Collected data

====

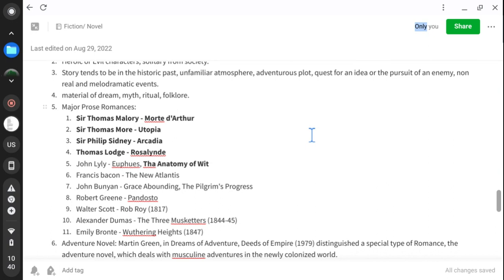We also asked you to have your own notes on these four or five texts, including John Lyly's The Anatomy of Wit. The initiative was to complete five major texts a day. Our target is to complete 100 or up to 80 major texts in a month, so you can complete the entire syllabus within three or four months.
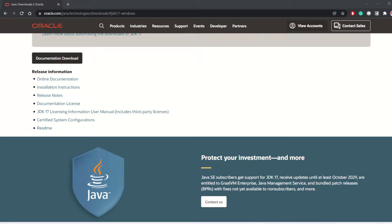Hello everyone, welcome back to my channel Nepal Tech Hub. Today in this video I'll talk about how to create your first Spring Boot project using VS Code. You can use a lot of IDEs or code editors, but on this video I'll show you how to do it with VS Code — that's one of my favorite code editors, I've been using it for a long time.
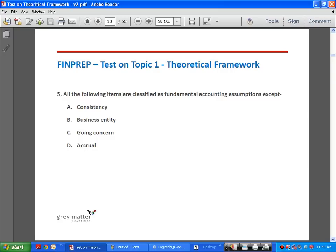Fundamental accounting assumptions according to Accounting Standard 1 are Consistency, Going Concern, and Accrual. AS1 clearly spells out that these three must be followed when financial statements are prepared and presented. Going by that, B is the odd one out — Business Entity is not a fundamental accounting assumption — and hence B is the answer.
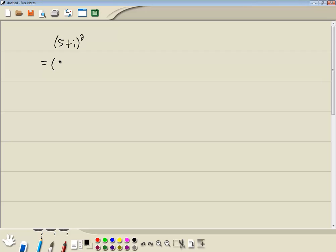Now we have to rewrite this as 5 plus i times 5 plus i. We can't just square the 5 and the i because of the plus in there. Everything has to be multiplication and division inside of your parentheses in order for you to take everything to the power. Since we have the plus in there, we just have to rewrite it this way. That's what squared means, 5 plus i times 5 plus i.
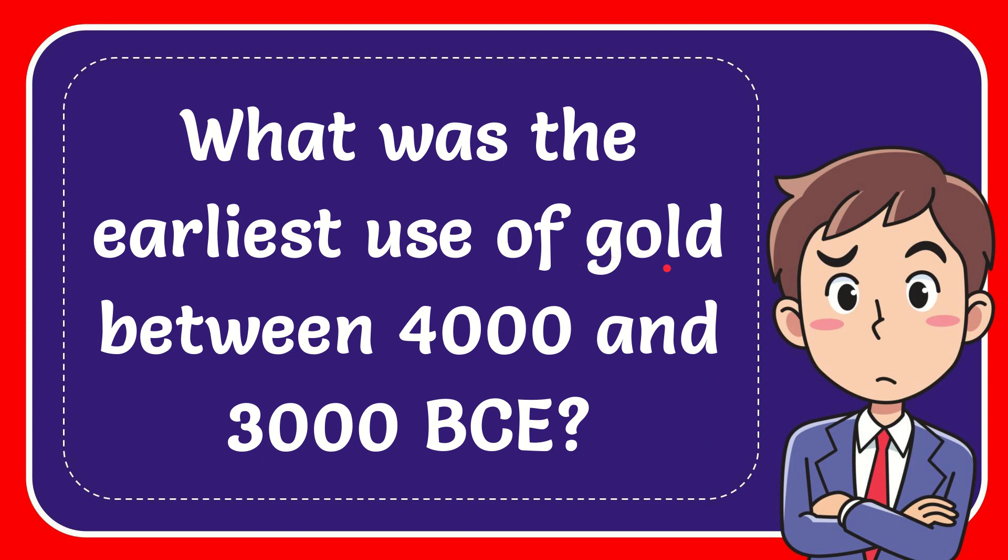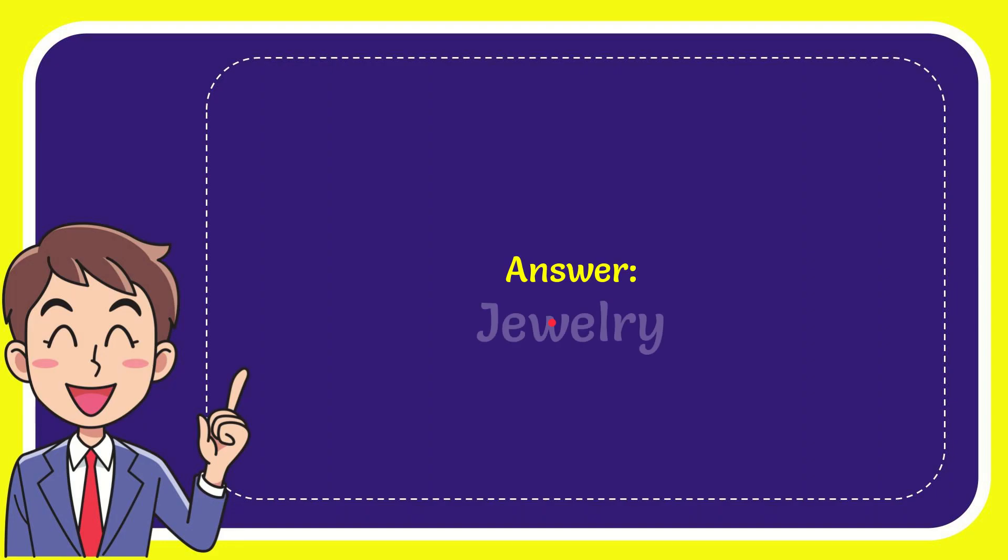In this video, I'm going to give you the answer for this question: What was the earliest use of gold between 4000 and 3000 BCE? The answer for this question is jewelry.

====

What is needed is an exact retyping of the lines from the start of the data through the line with "Hello everyone, welcome", with both end lines kept and every picture left out.

We also asked you to have your own notes on these four or five texts, including John Lyly's The Anatomy of Wit. The initiative was to complete five major texts a day. Our target is to complete 100 or up to 80 major texts in a month, so you can complete the entire syllabus within three or four months.
Hello everyone, welcome back to my channel Nepal Tech Hub. Today in this video I'll talk about how to create your first Spring Boot project using VS Code. You can use a lot of IDEs or code editors, but on this video I'll show you how to do it with VS Code — that's one of my favorite code editors, I've been using it for a long time.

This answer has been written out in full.